*WHAT THE TASK ASKS:* What is needed is an exact reproduction of the lines from the one that contains "Scenic outdoor swimming" through the end of the data, both included and nothing else, with pictures omitted.

*INFORMATION PROVIDED:*
○ ○ ○ ○ ○

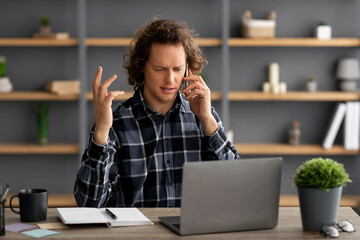 Poster - Displeased Businessman Talking On Cellphone Sitting At Laptop At Workplace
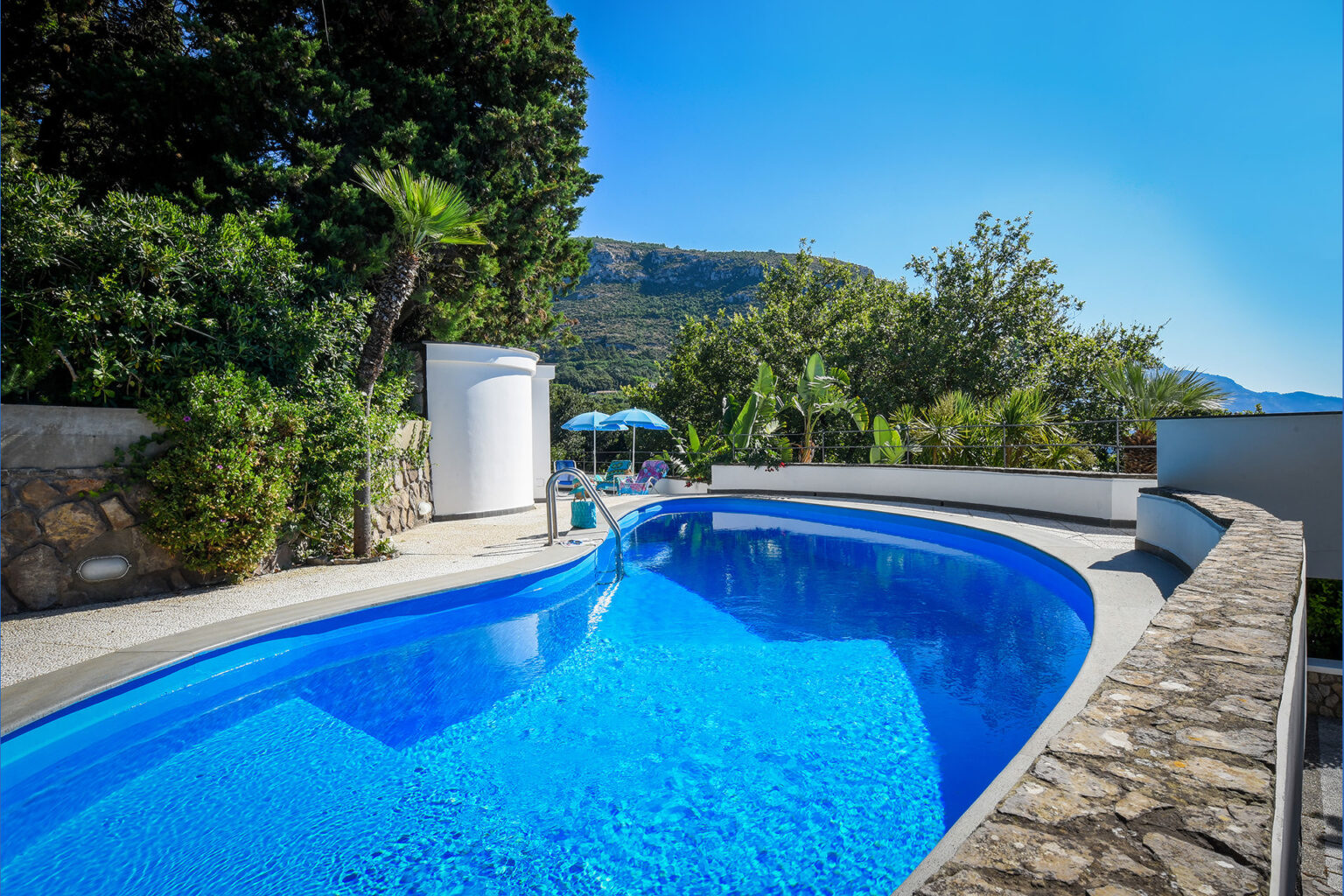 Scenic outdoor swimming pool surrounded by lush greenery, stone walls, and a clear blue sky, ideal for relaxation and leisure activities. | Only on SopranoVillas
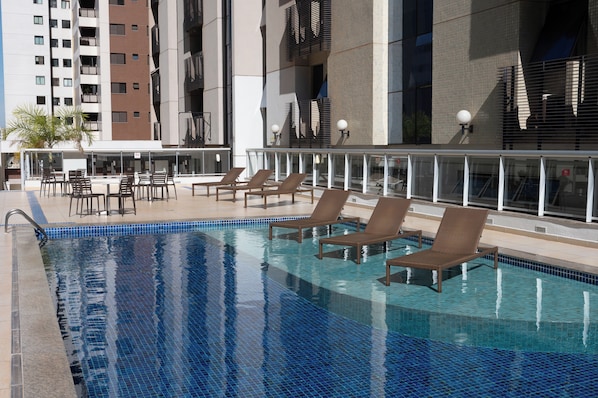 Outdoor pool, open 8:00 AM to 8:00 PM, pool umbrellas, pool loungers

○ ○ ○ ○ ○

*SOLUTION:*
 Scenic outdoor swimming pool surrounded by lush greenery, stone walls, and a clear blue sky, ideal for relaxation and leisure activities. | Only on SopranoVillas
 Outdoor pool, open 8:00 AM to 8:00 PM, pool umbrellas, pool loungers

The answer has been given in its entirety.